### INPUT

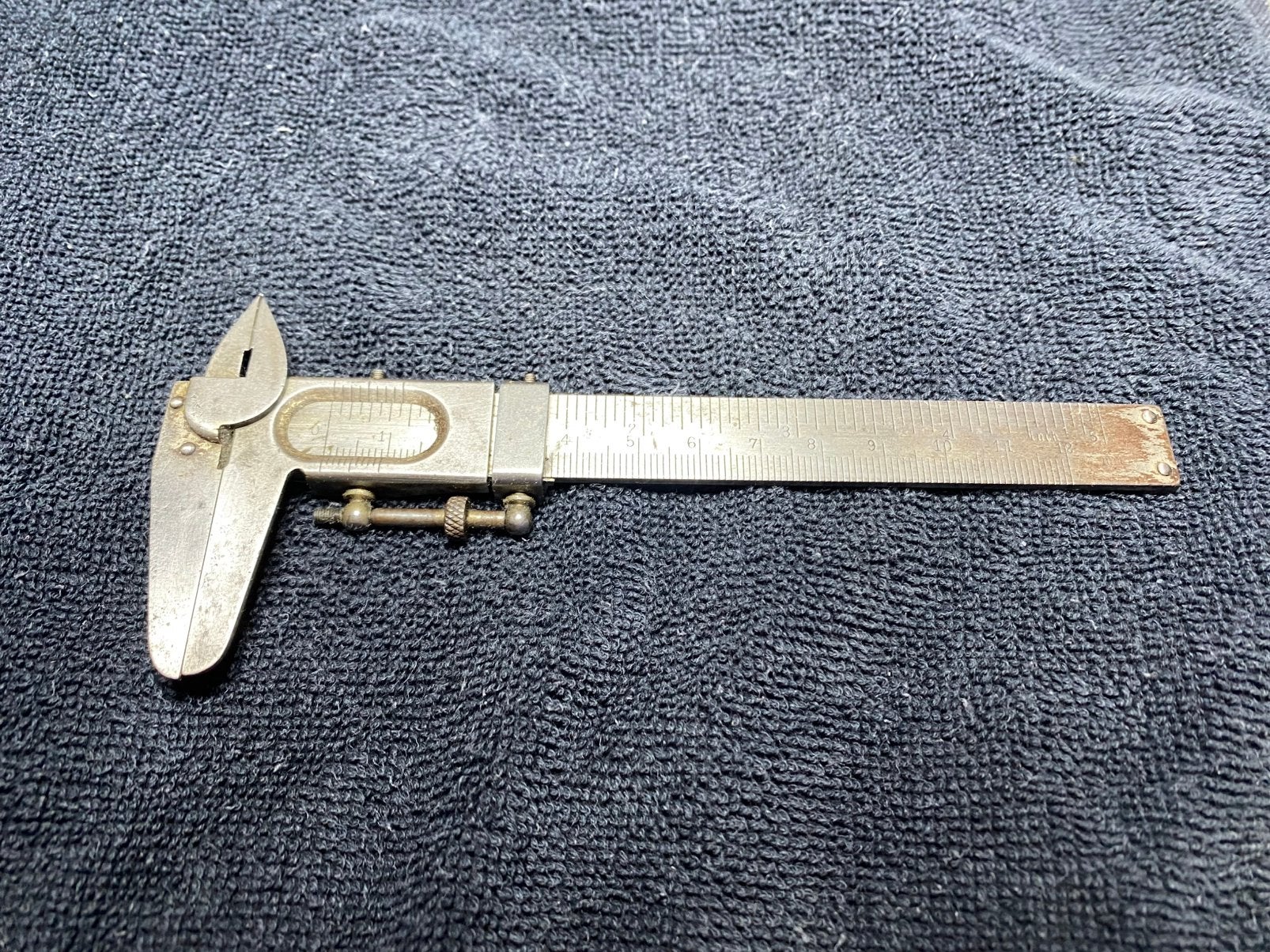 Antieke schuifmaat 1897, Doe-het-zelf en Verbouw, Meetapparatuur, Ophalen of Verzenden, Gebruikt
--
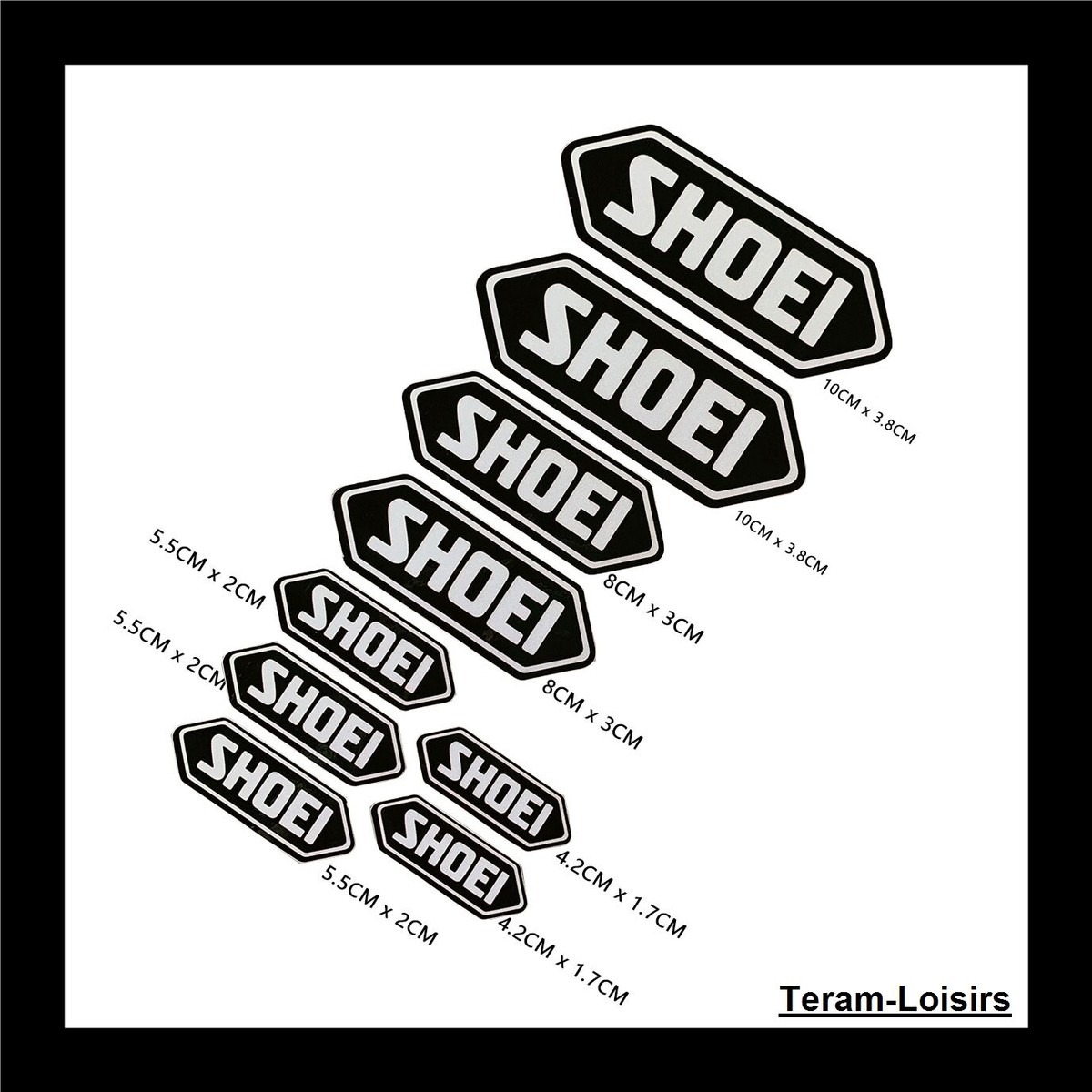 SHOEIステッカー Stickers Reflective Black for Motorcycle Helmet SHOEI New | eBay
==
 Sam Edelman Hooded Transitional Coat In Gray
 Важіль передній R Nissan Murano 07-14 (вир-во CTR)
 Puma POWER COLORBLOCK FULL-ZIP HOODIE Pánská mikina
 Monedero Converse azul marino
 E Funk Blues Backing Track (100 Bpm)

### WHAT YOU NEED TO DO
The entries above hold the needed span. Transcribe exactly the lines from the one with "Monedero Converse azul marino" to the one with "E Funk Blues Backing Track (100 Bpm)", both included.

### ANSWER BOX
 Monedero Converse azul marino
 E Funk Blues Backing Track (100 Bpm)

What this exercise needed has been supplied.